*INFORMATION SUPPLIED*
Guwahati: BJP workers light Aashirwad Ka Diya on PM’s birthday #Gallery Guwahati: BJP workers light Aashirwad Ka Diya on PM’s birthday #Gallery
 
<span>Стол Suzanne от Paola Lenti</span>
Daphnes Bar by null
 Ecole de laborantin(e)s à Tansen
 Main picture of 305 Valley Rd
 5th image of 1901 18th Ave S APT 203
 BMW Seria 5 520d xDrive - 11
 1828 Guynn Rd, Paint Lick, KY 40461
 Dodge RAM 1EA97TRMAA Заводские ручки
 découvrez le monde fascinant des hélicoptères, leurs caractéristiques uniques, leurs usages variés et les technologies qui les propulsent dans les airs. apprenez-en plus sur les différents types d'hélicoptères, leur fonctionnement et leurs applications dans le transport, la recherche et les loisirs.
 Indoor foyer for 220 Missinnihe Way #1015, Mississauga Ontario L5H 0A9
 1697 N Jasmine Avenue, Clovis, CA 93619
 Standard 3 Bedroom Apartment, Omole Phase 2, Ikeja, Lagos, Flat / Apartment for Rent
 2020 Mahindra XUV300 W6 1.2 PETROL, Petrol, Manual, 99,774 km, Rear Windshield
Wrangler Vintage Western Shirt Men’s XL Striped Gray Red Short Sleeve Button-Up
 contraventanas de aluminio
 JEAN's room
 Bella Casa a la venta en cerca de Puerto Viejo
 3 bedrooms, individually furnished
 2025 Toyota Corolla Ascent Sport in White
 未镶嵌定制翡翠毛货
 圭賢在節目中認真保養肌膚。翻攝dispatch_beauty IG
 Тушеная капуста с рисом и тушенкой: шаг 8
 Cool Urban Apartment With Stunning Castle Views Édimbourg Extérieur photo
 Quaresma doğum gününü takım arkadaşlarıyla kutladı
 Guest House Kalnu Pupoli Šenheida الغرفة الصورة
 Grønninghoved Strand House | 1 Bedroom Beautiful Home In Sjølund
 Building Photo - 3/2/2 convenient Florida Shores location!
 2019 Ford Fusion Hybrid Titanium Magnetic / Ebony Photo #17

*WORK TO BE COMPLETED*
Write down only how many lines of the entries above include the word "House".

*SOLUTION FOR THIS TASK*
2